======== GIVEN RECORDS
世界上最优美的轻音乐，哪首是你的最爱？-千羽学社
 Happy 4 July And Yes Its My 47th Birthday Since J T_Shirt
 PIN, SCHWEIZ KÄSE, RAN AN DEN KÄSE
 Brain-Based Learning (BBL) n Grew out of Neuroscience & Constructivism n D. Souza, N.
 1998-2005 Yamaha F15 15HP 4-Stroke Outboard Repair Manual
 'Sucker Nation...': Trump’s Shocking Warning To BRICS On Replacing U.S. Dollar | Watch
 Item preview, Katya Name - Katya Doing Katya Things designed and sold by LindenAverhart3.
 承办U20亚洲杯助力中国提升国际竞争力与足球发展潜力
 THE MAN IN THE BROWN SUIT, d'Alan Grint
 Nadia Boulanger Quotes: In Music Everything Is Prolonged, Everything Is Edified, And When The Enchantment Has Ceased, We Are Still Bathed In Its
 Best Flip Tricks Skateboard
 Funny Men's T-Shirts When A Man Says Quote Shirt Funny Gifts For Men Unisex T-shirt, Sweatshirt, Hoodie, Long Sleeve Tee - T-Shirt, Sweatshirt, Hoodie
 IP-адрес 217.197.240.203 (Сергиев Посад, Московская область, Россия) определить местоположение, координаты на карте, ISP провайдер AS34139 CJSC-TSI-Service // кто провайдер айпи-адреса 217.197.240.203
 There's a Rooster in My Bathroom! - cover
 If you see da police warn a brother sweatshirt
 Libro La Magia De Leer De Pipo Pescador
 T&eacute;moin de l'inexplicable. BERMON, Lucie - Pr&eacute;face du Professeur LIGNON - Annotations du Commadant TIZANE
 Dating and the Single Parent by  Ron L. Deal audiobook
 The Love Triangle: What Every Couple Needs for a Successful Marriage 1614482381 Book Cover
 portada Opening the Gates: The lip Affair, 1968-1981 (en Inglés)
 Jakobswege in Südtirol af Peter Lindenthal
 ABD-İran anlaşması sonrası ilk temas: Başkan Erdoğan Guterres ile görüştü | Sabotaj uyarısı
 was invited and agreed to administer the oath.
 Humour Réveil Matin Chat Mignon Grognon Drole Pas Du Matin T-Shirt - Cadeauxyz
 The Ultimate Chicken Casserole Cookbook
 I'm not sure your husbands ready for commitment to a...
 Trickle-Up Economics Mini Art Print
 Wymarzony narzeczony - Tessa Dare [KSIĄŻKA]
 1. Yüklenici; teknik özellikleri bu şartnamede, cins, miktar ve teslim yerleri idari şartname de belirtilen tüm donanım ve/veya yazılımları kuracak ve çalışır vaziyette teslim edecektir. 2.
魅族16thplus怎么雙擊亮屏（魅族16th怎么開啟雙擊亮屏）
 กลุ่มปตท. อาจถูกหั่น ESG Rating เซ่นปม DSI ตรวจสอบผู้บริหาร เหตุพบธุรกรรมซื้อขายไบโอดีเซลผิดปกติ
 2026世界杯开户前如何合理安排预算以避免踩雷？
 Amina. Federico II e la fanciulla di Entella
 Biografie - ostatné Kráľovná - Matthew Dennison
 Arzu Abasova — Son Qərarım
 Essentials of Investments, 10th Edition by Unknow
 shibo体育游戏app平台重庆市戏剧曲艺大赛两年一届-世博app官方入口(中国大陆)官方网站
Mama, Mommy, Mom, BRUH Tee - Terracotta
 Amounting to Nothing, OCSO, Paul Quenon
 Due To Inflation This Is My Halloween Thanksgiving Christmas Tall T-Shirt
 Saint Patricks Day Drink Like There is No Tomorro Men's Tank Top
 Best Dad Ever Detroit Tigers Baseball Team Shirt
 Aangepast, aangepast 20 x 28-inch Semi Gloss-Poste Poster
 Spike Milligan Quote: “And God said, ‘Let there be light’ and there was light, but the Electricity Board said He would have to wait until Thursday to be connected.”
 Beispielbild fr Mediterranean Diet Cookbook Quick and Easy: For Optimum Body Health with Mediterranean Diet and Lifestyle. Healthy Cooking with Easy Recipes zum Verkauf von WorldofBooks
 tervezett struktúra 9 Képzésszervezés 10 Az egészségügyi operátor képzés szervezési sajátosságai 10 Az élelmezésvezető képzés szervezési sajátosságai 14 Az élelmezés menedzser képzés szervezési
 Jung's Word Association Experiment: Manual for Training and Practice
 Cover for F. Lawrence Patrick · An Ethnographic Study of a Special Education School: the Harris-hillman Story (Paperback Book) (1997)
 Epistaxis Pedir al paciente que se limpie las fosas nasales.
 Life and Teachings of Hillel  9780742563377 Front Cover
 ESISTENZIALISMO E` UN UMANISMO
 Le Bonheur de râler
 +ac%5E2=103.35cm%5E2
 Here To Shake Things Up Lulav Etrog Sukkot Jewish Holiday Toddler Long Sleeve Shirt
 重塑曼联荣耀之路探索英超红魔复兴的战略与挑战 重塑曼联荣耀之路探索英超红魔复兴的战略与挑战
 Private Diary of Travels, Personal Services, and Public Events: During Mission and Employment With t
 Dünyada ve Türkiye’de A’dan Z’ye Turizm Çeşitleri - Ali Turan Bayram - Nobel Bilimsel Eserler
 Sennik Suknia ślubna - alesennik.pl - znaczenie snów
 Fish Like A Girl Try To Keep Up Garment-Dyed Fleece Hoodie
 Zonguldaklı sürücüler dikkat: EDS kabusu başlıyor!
================
§ AIM OF THE TASK
The entries above must be repeated word for word.

§ EXERCISE SOLUTION
世界上最优美的轻音乐，哪首是你的最爱？-千羽学社
 Happy 4 July And Yes Its My 47th Birthday Since J T_Shirt
 PIN, SCHWEIZ KÄSE, RAN AN DEN KÄSE
 Brain-Based Learning (BBL) n Grew out of Neuroscience & Constructivism n D. Souza, N.
 1998-2005 Yamaha F15 15HP 4-Stroke Outboard Repair Manual
 'Sucker Nation...': Trump’s Shocking Warning To BRICS On Replacing U.S. Dollar | Watch
 Item preview, Katya Name - Katya Doing Katya Things designed and sold by LindenAverhart3.
 承办U20亚洲杯助力中国提升国际竞争力与足球发展潜力
 THE MAN IN THE BROWN SUIT, d'Alan Grint
 Nadia Boulanger Quotes: In Music Everything Is Prolonged, Everything Is Edified, And When The Enchantment Has Ceased, We Are Still Bathed In Its
 Best Flip Tricks Skateboard
 Funny Men's T-Shirts When A Man Says Quote Shirt Funny Gifts For Men Unisex T-shirt, Sweatshirt, Hoodie, Long Sleeve Tee - T-Shirt, Sweatshirt, Hoodie
 IP-адрес 217.197.240.203 (Сергиев Посад, Московская область, Россия) определить местоположение, координаты на карте, ISP провайдер AS34139 CJSC-TSI-Service // кто провайдер айпи-адреса 217.197.240.203
 There's a Rooster in My Bathroom! - cover
 If you see da police warn a brother sweatshirt
 Libro La Magia De Leer De Pipo Pescador
 T&eacute;moin de l'inexplicable. BERMON, Lucie - Pr&eacute;face du Professeur LIGNON - Annotations du Commadant TIZANE
 Dating and the Single Parent by  Ron L. Deal audiobook
 The Love Triangle: What Every Couple Needs for a Successful Marriage 1614482381 Book Cover
 portada Opening the Gates: The lip Affair, 1968-1981 (en Inglés)
 Jakobswege in Südtirol af Peter Lindenthal
 ABD-İran anlaşması sonrası ilk temas: Başkan Erdoğan Guterres ile görüştü | Sabotaj uyarısı
 was invited and agreed to administer the oath.
 Humour Réveil Matin Chat Mignon Grognon Drole Pas Du Matin T-Shirt - Cadeauxyz
 The Ultimate Chicken Casserole Cookbook
 I'm not sure your husbands ready for commitment to a...
 Trickle-Up Economics Mini Art Print
 Wymarzony narzeczony - Tessa Dare [KSIĄŻKA]
 1. Yüklenici; teknik özellikleri bu şartnamede, cins, miktar ve teslim yerleri idari şartname de belirtilen tüm donanım ve/veya yazılımları kuracak ve çalışır vaziyette teslim edecektir. 2.
魅族16thplus怎么雙擊亮屏（魅族16th怎么開啟雙擊亮屏）
 กลุ่มปตท. อาจถูกหั่น ESG Rating เซ่นปม DSI ตรวจสอบผู้บริหาร เหตุพบธุรกรรมซื้อขายไบโอดีเซลผิดปกติ
 2026世界杯开户前如何合理安排预算以避免踩雷？
 Amina. Federico II e la fanciulla di Entella
 Biografie - ostatné Kráľovná - Matthew Dennison
 Arzu Abasova — Son Qərarım
 Essentials of Investments, 10th Edition by Unknow
 shibo体育游戏app平台重庆市戏剧曲艺大赛两年一届-世博app官方入口(中国大陆)官方网站
Mama, Mommy, Mom, BRUH Tee - Terracotta
 Amounting to Nothing, OCSO, Paul Quenon
 Due To Inflation This Is My Halloween Thanksgiving Christmas Tall T-Shirt
 Saint Patricks Day Drink Like There is No Tomorro Men's Tank Top
 Best Dad Ever Detroit Tigers Baseball Team Shirt
 Aangepast, aangepast 20 x 28-inch Semi Gloss-Poste Poster
 Spike Milligan Quote: “And God said, ‘Let there be light’ and there was light, but the Electricity Board said He would have to wait until Thursday to be connected.”
 Beispielbild fr Mediterranean Diet Cookbook Quick and Easy: For Optimum Body Health with Mediterranean Diet and Lifestyle. Healthy Cooking with Easy Recipes zum Verkauf von WorldofBooks
 tervezett struktúra 9 Képzésszervezés 10 Az egészségügyi operátor képzés szervezési sajátosságai 10 Az élelmezésvezető képzés szervezési sajátosságai 14 Az élelmezés menedzser képzés szervezési
 Jung's Word Association Experiment: Manual for Training and Practice
 Cover for F. Lawrence Patrick · An Ethnographic Study of a Special Education School: the Harris-hillman Story (Paperback Book) (1997)
 Epistaxis Pedir al paciente que se limpie las fosas nasales.
 Life and Teachings of Hillel  9780742563377 Front Cover
 ESISTENZIALISMO E` UN UMANISMO
 Le Bonheur de râler
 +ac%5E2=103.35cm%5E2
 Here To Shake Things Up Lulav Etrog Sukkot Jewish Holiday Toddler Long Sleeve Shirt
 重塑曼联荣耀之路探索英超红魔复兴的战略与挑战 重塑曼联荣耀之路探索英超红魔复兴的战略与挑战
 Private Diary of Travels, Personal Services, and Public Events: During Mission and Employment With t
 Dünyada ve Türkiye’de A’dan Z’ye Turizm Çeşitleri - Ali Turan Bayram - Nobel Bilimsel Eserler
 Sennik Suknia ślubna - alesennik.pl - znaczenie snów
 Fish Like A Girl Try To Keep Up Garment-Dyed Fleece Hoodie
 Zonguldaklı sürücüler dikkat: EDS kabusu başlıyor!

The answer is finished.